Artificial Intelligence as an “augmented reality” in which clinicians can identify in advance the appearance of symptoms, their evolution and the general condition of the patient. So Professor Maurizio Cecconi, Head of Anesthesia and Intensive Care at Humanitas and elected president of the European Society of Intensive Care ESICM imagines the medicine of the future. Artificial intelligence, big data and machine learning promise much: they will be the algorithms of health and will allow to make many steps forward in precision medicine. These scenarios, particularly in relation to intensive care, will be discussed from today, Friday, February 1, to Sunday, February 3 during the Milan Critical Care Datathon and ESICM’s Big Datatalk, for the first time in Italy at Humanitas Research Hospital in Rozzano. It is a European scientific event organized by Professor Cecconi together with the Politecnico di Milano, ESICM and MIT in Boston.

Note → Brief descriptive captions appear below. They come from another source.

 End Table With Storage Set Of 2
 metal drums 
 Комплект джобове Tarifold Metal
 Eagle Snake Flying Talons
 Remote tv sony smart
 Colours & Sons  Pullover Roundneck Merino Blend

A revolution that starts with data management
Today’s physicians, compared to those of the past, find themselves managing an ever-greater amount of data. While this is a potential advantage, there is also the problem of finding a way to interpret and cross them. The cross use of large volume of medical information not only allows and will always allow more and more to arrive first at the diagnosis, but also to generate new research hypotheses and to expand more and more the field of preventive medicine.

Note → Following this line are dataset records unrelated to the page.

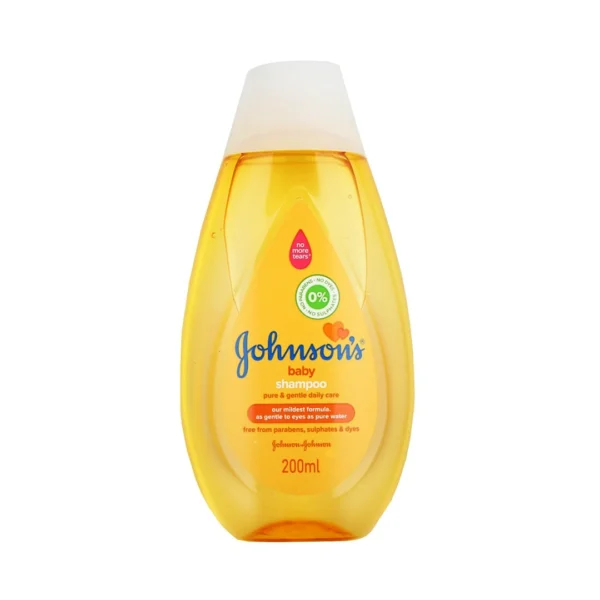 Johnsons Baby Shampoo Pure & Gentle Daily Care 200ml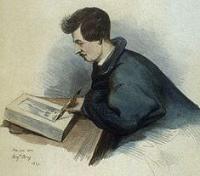 Portrait of Auguste-Denis Marie Raffet
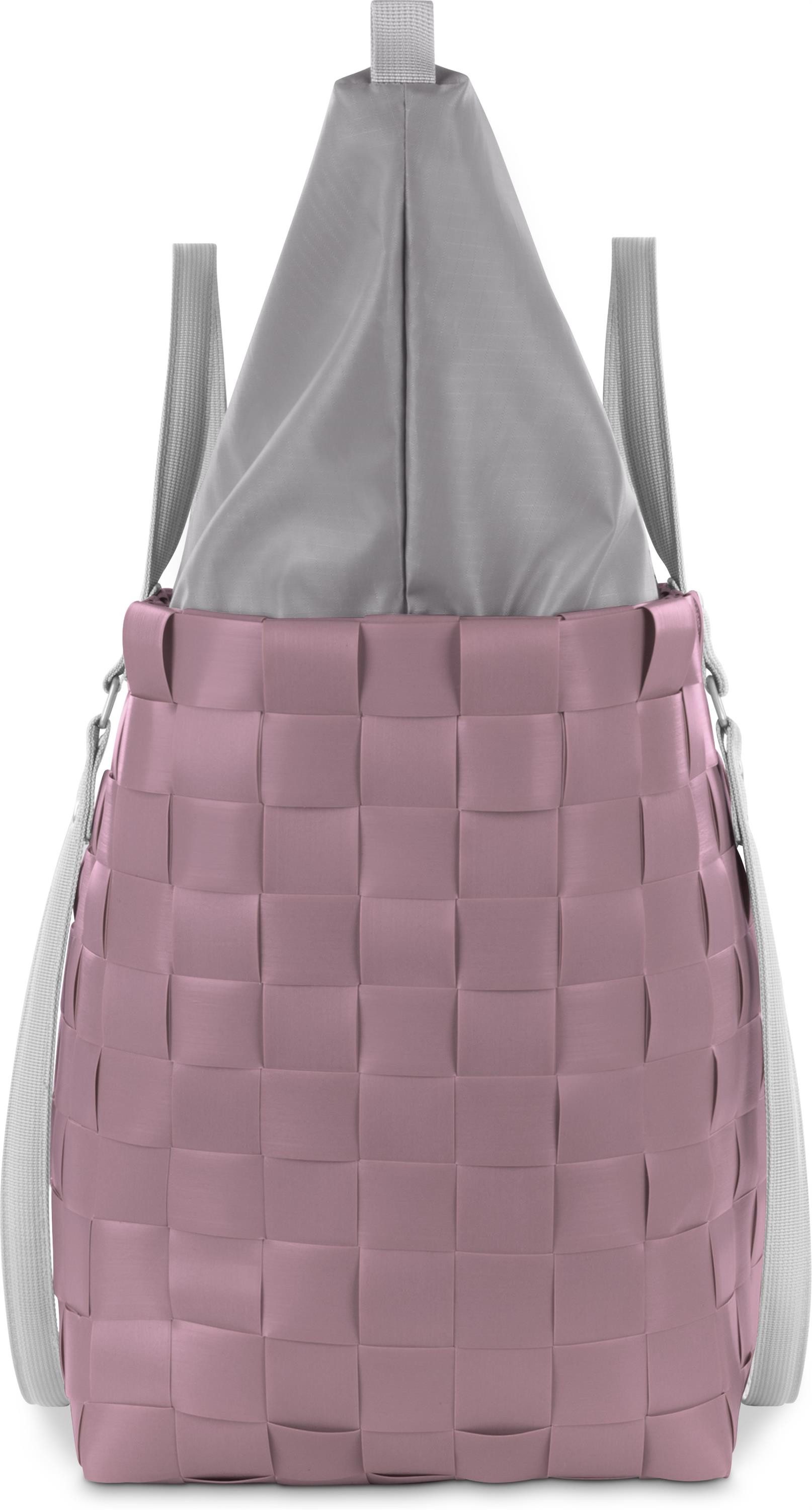 normani Einkaufskorb Einkaufstasche Korb mit erweiterbarem Volumen, 25 l, Badetasche Strandtasche Einkaufskorb mit 25 Liter Volumen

The Milan Critical Care Datathon and ESICM’s Big Datatalk
Cecconi explained: “How this revolution is about to happen will be discussed during the Milan Critical Care Datathon and ESICM’s Big Datatalk Milano, a European scientific event organized by Cecconi together with the Politecnico di Milano, ESICM and MIT of Boston, with 300 members from all over the world”.
“Having algorithms that allow us, for example, to intervene on the basis of the real-time evolution of the patient’s physiological parameters means realizing precision medicine – continued the professor -. In addition to algorithms and computational power, we need a global programming that allows you to share data between institutions and nations. Finally, the training of clinicians is fundamental”.

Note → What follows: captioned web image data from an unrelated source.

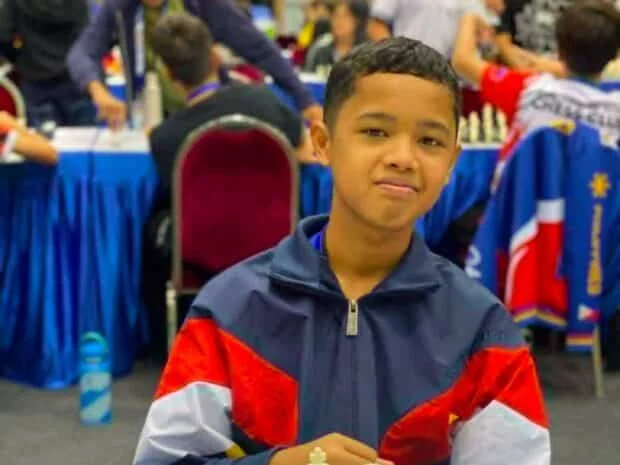 NM Mallorca drops two spots in Asean Age Group Chess Championships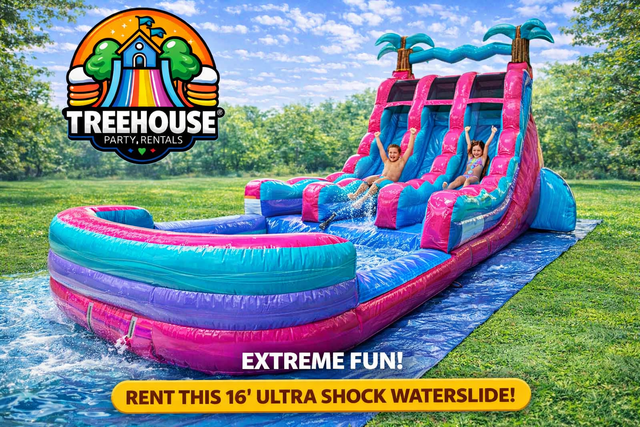 Ultra Shock 16' Dual Lane Ultra Shock 16' Dual Lane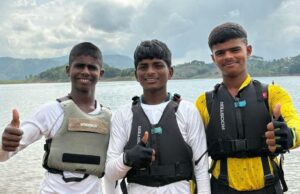 Fixado em areia, velejando sonhos: como o clube de vela em Hyderabad vai para a fama nacional Lightbox-Info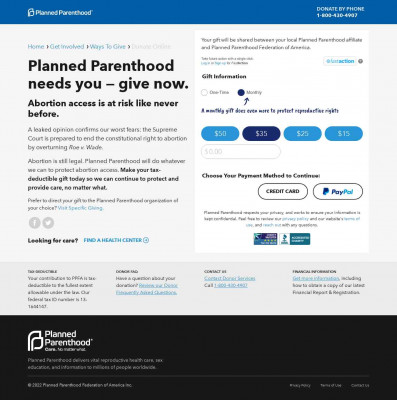 PPFA | Self Service Portal - Planned Parenthood PPFA | Self Service Portal - Planned Parenthood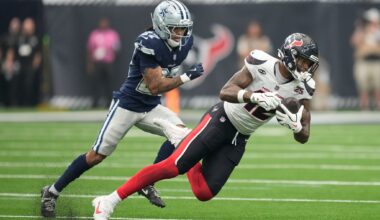 Two Cowboys players fined by NFL after Dallas' Week 4 win over Texans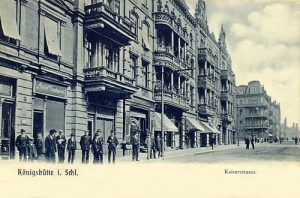 Chorzów Kaiserstr. - Reprodukcja 25639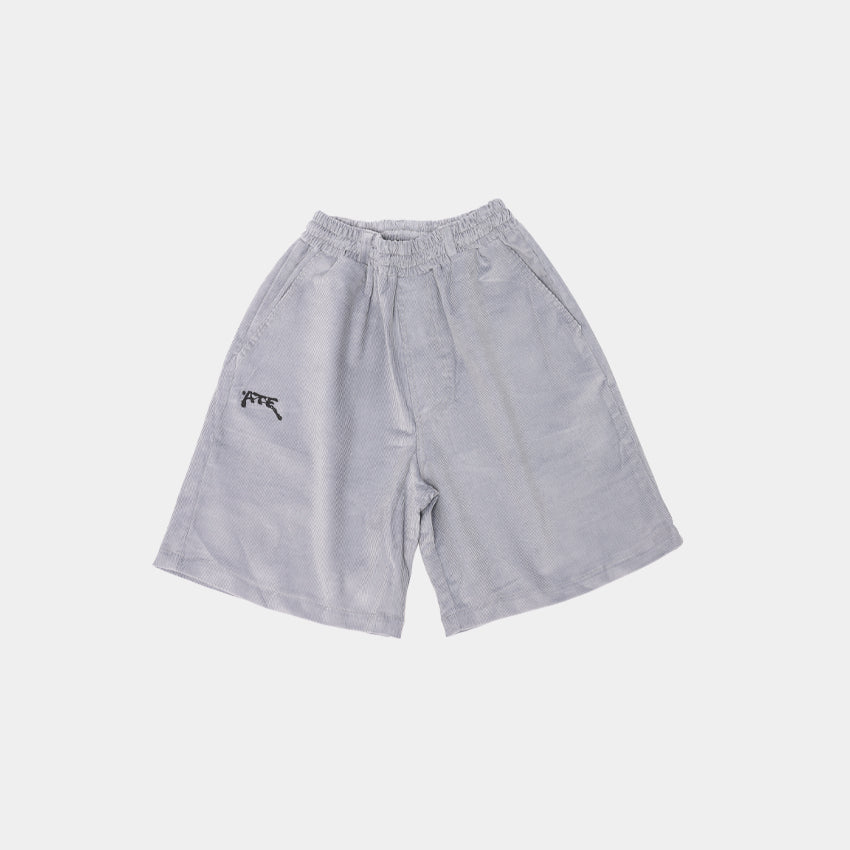 ATE Corduroy Shorts “Grey”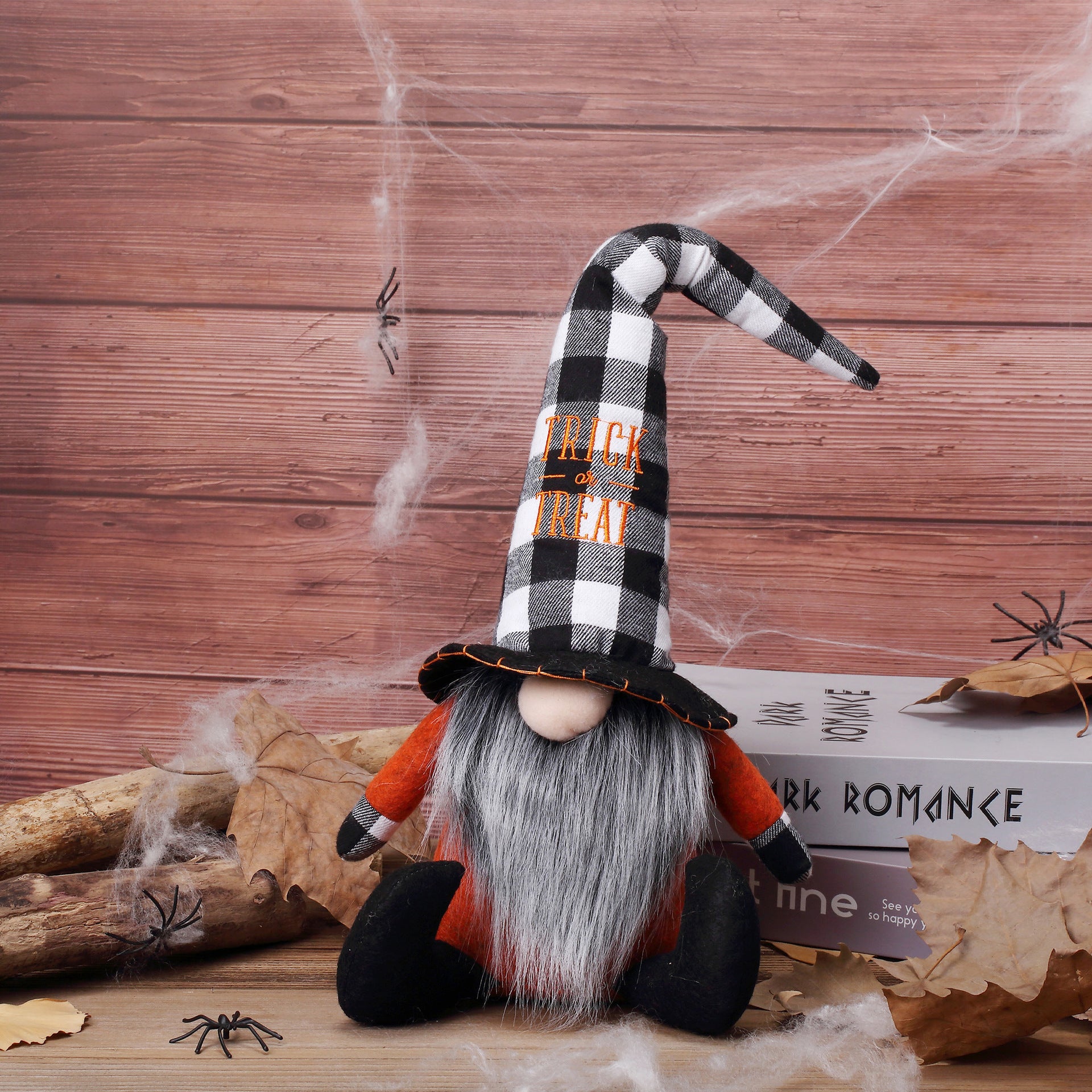 Halloween Faceless Doll Embroidered Doll Ornaments Decoration 🇨🇳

Collaboration between doctors and engineers
In order to exploit the enormous potential of existing and incoming tools, doctors will have to learn to collaborate more and more with computer scientists and engineers, learning new languages and new skills.
“The new tools will join the clinician’s skills, supporting him – explains Cecconi -: knowing how they work will become a prerequisite for their use. It is not a question of inserting an automatic pilot, but of handling new and powerful tools”.
For this reason, in parallel with the conference work, here is an initiative conceived by Professor Maurizio Cecconi, who returned to Italy after 14 years in the United Kingdom. The “MIT Critical Care Datathon” will be a competition in which teams made up of doctors, engineers and scientists will have to devise solutions to solve clinical questions using the anonymized data of 200 thousand patients contained in a database of MIT intensive care. The three best performing solutions will be presented at the end of September in Berlin, at the 32nd annual congress of the European Society of Intensive Care ESICM.